# What is required
Carry none of the pictures over; write out the complete data exactly.

The data below:

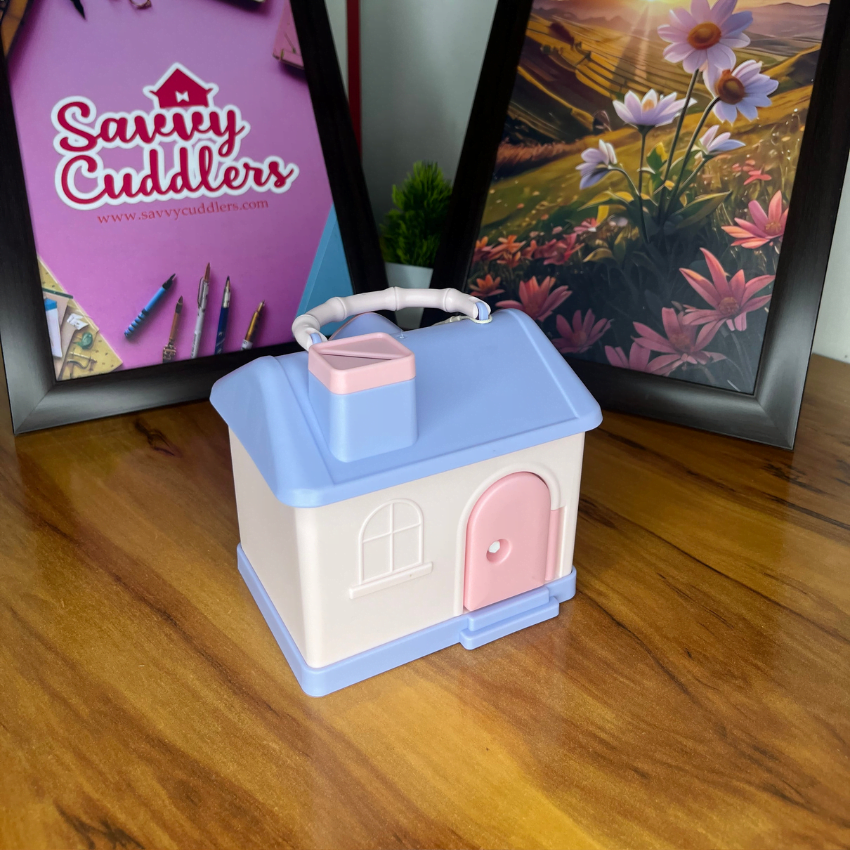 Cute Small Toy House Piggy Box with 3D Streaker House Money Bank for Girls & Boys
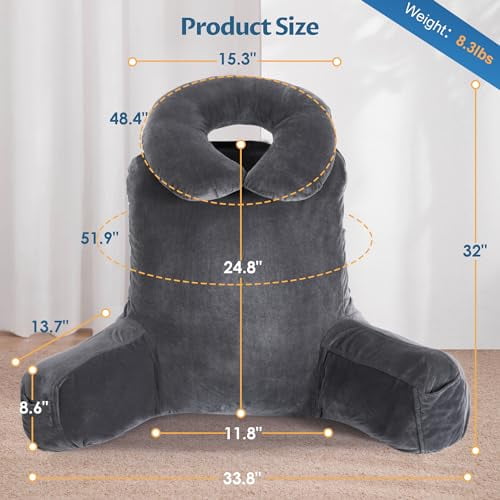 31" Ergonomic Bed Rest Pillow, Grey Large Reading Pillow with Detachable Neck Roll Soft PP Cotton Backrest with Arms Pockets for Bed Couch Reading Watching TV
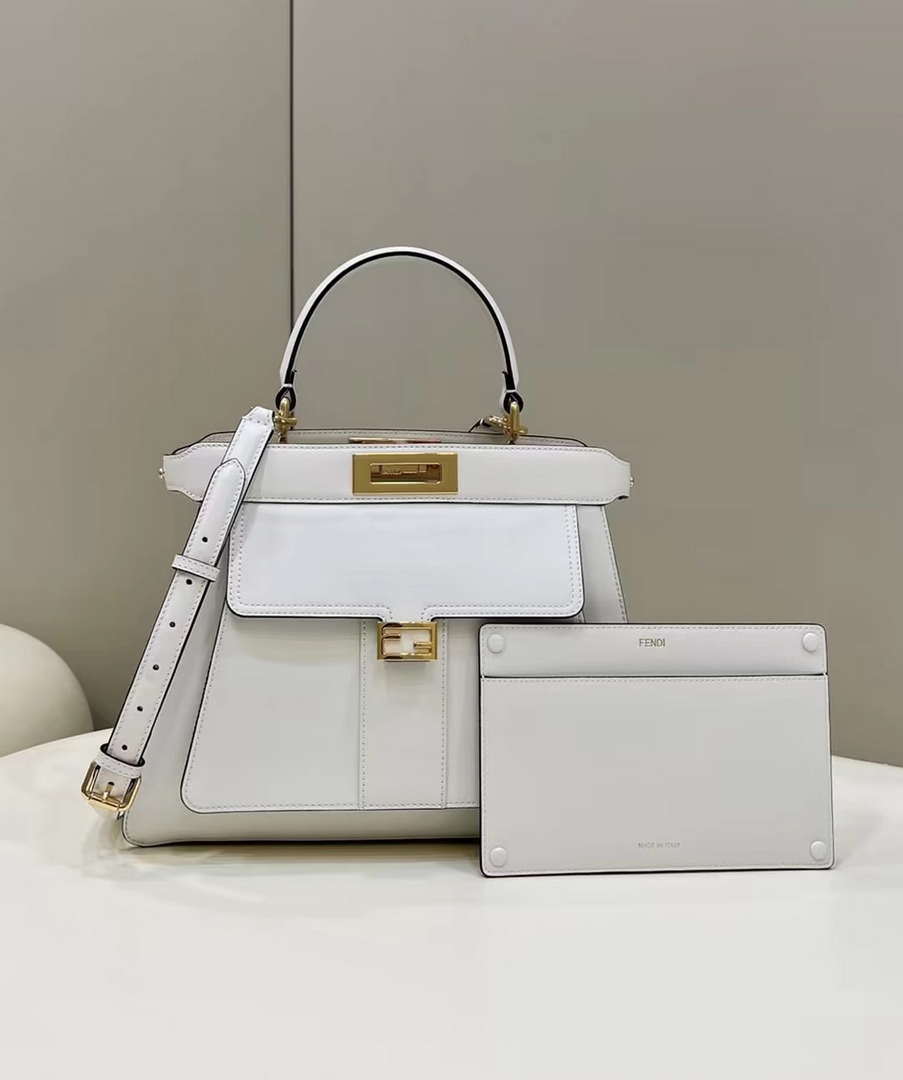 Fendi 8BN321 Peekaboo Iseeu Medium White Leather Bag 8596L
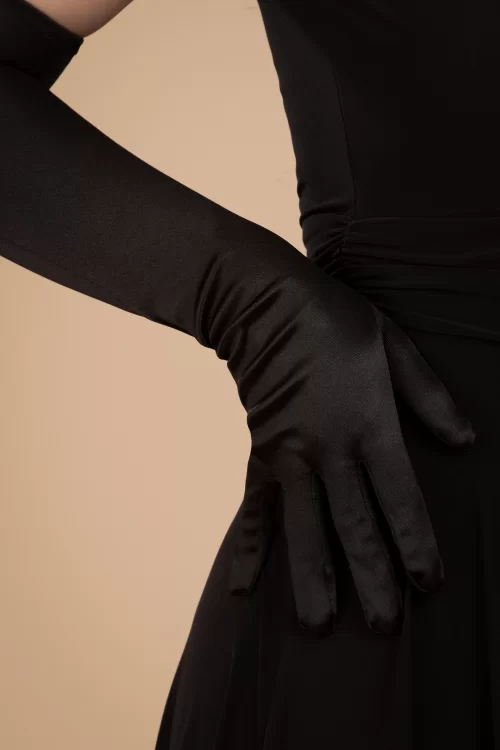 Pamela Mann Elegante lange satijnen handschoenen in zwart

End of The data.

# Response area
 Cute Small Toy House Piggy Box with 3D Streaker House Money Bank for Girls & Boys
 31" Ergonomic Bed Rest Pillow, Grey Large Reading Pillow with Detachable Neck Roll Soft PP Cotton Backrest with Arms Pockets for Bed Couch Reading Watching TV
 Fendi 8BN321 Peekaboo Iseeu Medium White Leather Bag 8596L
 Pamela Mann Elegante lange satijnen handschoenen in zwart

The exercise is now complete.